Sorry for the delay - I had a concert this weekend.

The theory of directional microphones gets more difficult the more you look at it, and this forum is not the place to go into the physics anyway. It helps a little to remember that a cardioid response is a combination of an omni and a figure-of-eight. The basic theory relates to these patterns separately. A curiosity, though, is that one effect of the different requency response characteristic of the figure-of-eight part of the response and the omni is that the directional diagram of a cardioid changes with frequency.

A figure-of-eight ribbon microphone has a response which is basically flat within its operating range; but we needn't consider this further, as that's not what you have, nor are they often used as cardioids. However, the unmanipulated response of a figure-of-eight condensor microphone falls towards the bass at 6dB/octave, and it is necessary to modify the design to keep the response level in the main frequency range, usually down to about 150Hz-200Hz for plane waves (i.e. at a long distance).
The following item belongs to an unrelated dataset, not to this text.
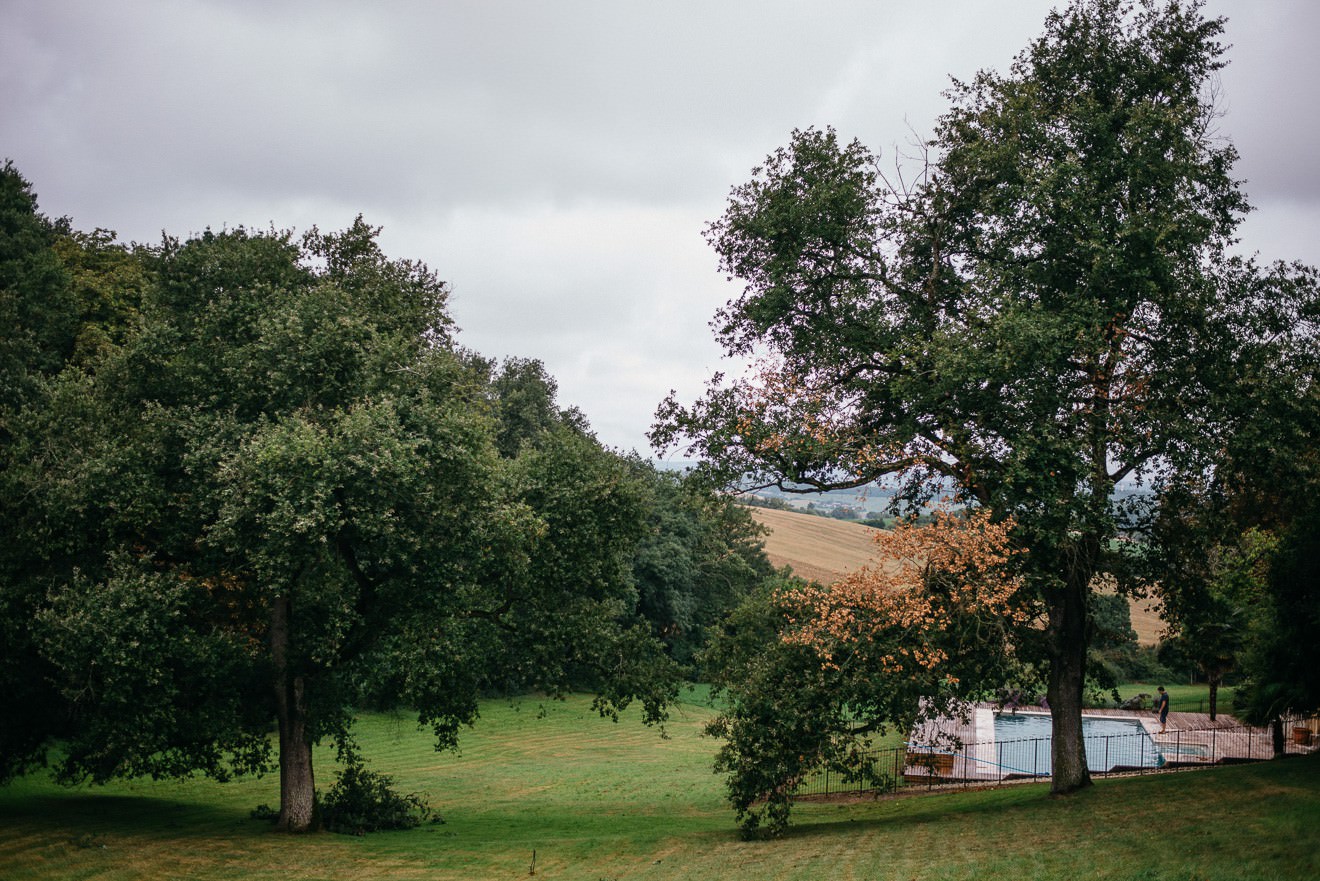 france_wedding_photographer_020_Chateau Lartigolle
Proximity effect causes a 6dB/octave rise below a certain frequency - this frequency varies with distance. At 1m it is about 150Hz, and so compensates for the fall-off usually designed into the microphones (giving nice flat graphs, too!). For use with instruments or a voice, this is a typical operating distance, and all is fine. When used closer, as with a singer holding it, there is a substantial shelf rise in the mid bass range, which is often thought desirable, but at larger distances there is a shelf down to the lower frequency at which proximity effect comes in.

Another reason to avoid holding the response level to too low frequencies is that there is often substantial energy at very low frequencies which is emphasied by proximity effect even at considerable distances - draughts and wind noise! This is why directional microphones are more sensitive to these, and yet another reason to use omnis in a space like a church which can have substantial air movements.

Because a cardioid is the combination of omni and figure-of-eight responses, the slopes will be less than the 6dB/octave I quoted above. By how much depends on the tightness or otherwise of the cardioid.

As for getting the "real" response of a mic; if you can trust the published curves to nmean something (and they are actually quite idealised in most cases), the crucial thing to know is the distance of measurement, because everything else can, with experience, be deduced from this, as the explanation above is meant to have shown. However, bear in mind that it is really hard to measure microphone responses accurately at LF in any case.